Ho già raccontato che ho incontrato Nesi per caso (sembra il nome di un gruppo musicale a cappella, i Nesi per caso ) guardando il documentario di Daniele Vicari Il mio paese. E ho scritto anche che prediligo il Nesi romanziere (quello che ci ha dato il bellissimo L’età dell’oro) rispetto al Nesi non-fiction (quello di Storie della mia gente).

Purtroppo la critica ufficiale non la pensa come me. O forse, come spesso accade, la critica ufficiale non ha il coraggio di dare un premio a uno scrittore che considera non ancora sufficientemente affermato e poi gli attribuisce il premio, anni dopo, per un’opera meno bella. È successo, secondo me, anche per il suo conterraneo Sandro Veronesi (Caos calmo era bello, ma folgorante fu Gli sfiorati, uscito almeno 15 anni prima) e a Maurizio Maggiani (La regina disadorna e Il coraggio del pettirosso sono entrambi molto più belli, secondo me, de Il viaggiatore notturno). Sia come sia, Nesi lo Strega l’ha vinto con Storie della mia gente; un po’ tardivamente, come rileva quasi con stupore lo stesso Nesi:

Il libro è candidato al premio Strega e, dopo più di un anno dalla sua uscita, è improvvisamente resuscitato. [789]

Dopo il Premio Strega tutti si mettono a leggere il libro, che a fine luglio arriva primo in classifica e ci rimane per due settimane. [811]

Il risultato (immagino e temo) sarà stato che la casa editrice avrà premuto per un tempestivo sequel e lo stesso Nesi avrà sentito la necessità interiore di proseguire e completare il discorso avviato con Storie della mia gente. A conferma della mia sensazione ho trovato questa sua anticipazione del nuovo libro sul sito bol.it:

Il libro sarà un diario dell’ultimo, folle anno della mia e delle nostre vite: il tentativo d’illustrare un mondo in cui l’economia pare sfuggire alla logica, gli Stati Uniti d’America rischiano di fallire e l’euro di crollare mentre il nostro Presidente del Consiglio vive i suoi giorni nell’impotenza politica, accusato – con qualche ragione, parrebbe – di reati infamanti. Sarà anche un libro intimo, però, popolato d’un caravanserraglio di personaggi. Presenterò la pars construens di ‘Storia della mia gente’ – nelle mie speranze una sorta di manifesto per il lavoro e per un’economia nuova e forse anche per una nuova Italia di sviluppo e crescita guidati dalla cultura. Un’avventura che a me pare del tutto possibile e persino vicina, e che potrebbe ricordarci i giorni vicini in cui il futuro era per tutti – o quasi tutti – un gran regalo brillante. (Edoardo Nesi)

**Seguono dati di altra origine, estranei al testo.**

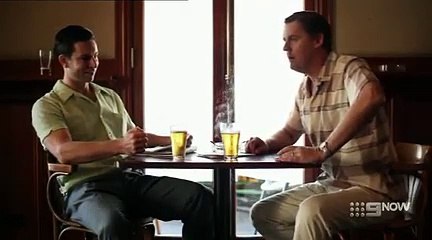 Australian Crime Stories - - S3 Ep 2 - George Freeman Feb 15, 2018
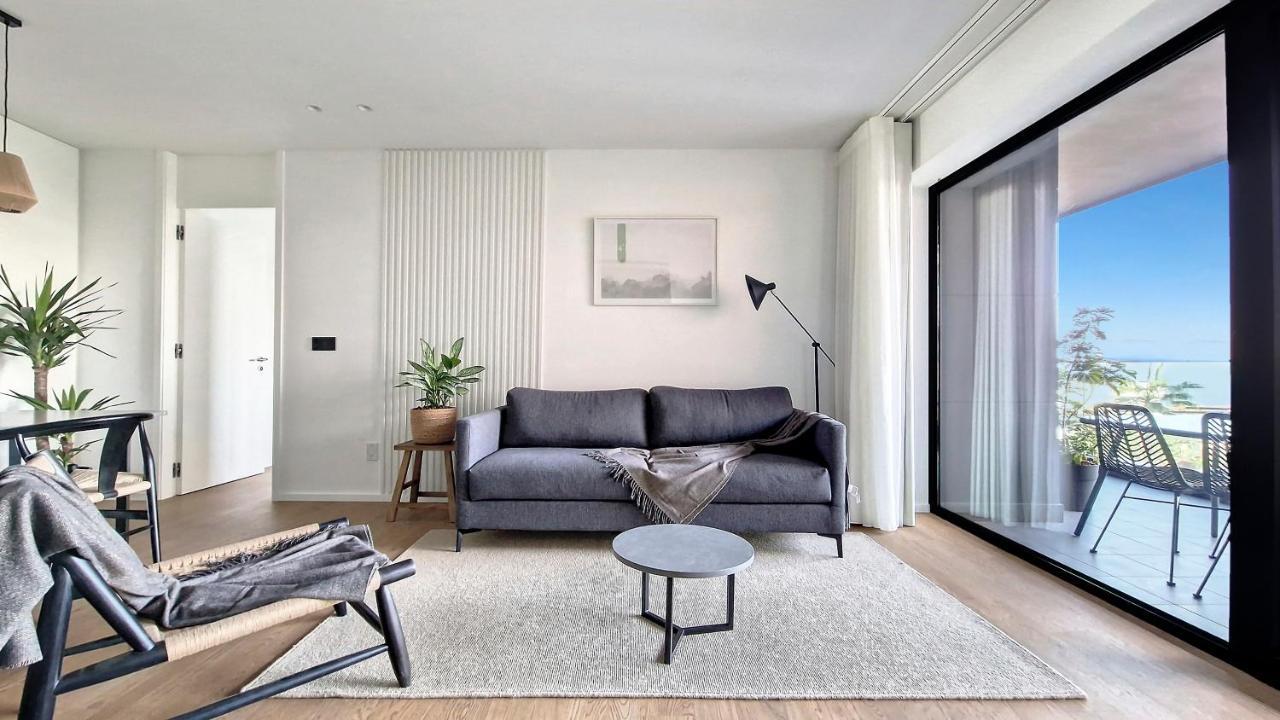 Roots Loft By Lovelystay Funchal  Exterior foto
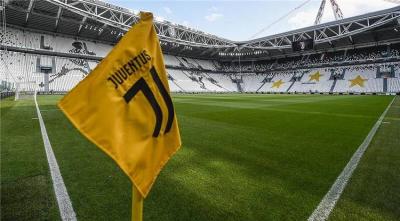 "Juventus" Fails to Qualify for the Europa League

Date queste premesse, capirete che mi sono avvicinato al nuovo Nesi con un misto di aspettative e sospetti. Ma subito ho avuto una bella sorpresa: il ritorno, per un lungo addio, del vecchio caro Ivo Barrocciai. E poi, come scrive lo stesso Nesi, il futuro:

Ricorda con struggimento il passato solo chi teme il futuro [180]

Al passato, però, vorrei dare l’addio che merita. Chiederò l’aiuto di un carissimo amico che non sento da un po’ di tempo: quel vecchio pirata che m’ha insegnato che, quando si deve lasciare una persona che abbiamo amato, bisogna farci l’amore per l’ultima volta. Meglio che si può.
E poi andare avanti. [183]

Il resto del libro è, come dicevo, più vicino a Storie della mia gente che a L’età dell’oro, e forse non poteva essere altrimenti. E poi, avendo appena letto Reality Hunger di David Shields non posso non notare che Edoardo Nesi ha saputo cogliere ante litteram, o quasi, questa interessante tendenza verso il memoir. Il che non significa però che – come già era accaduto con Storie della mia gente – io sia completamente d’accordo con tutte le analisi e le proposte.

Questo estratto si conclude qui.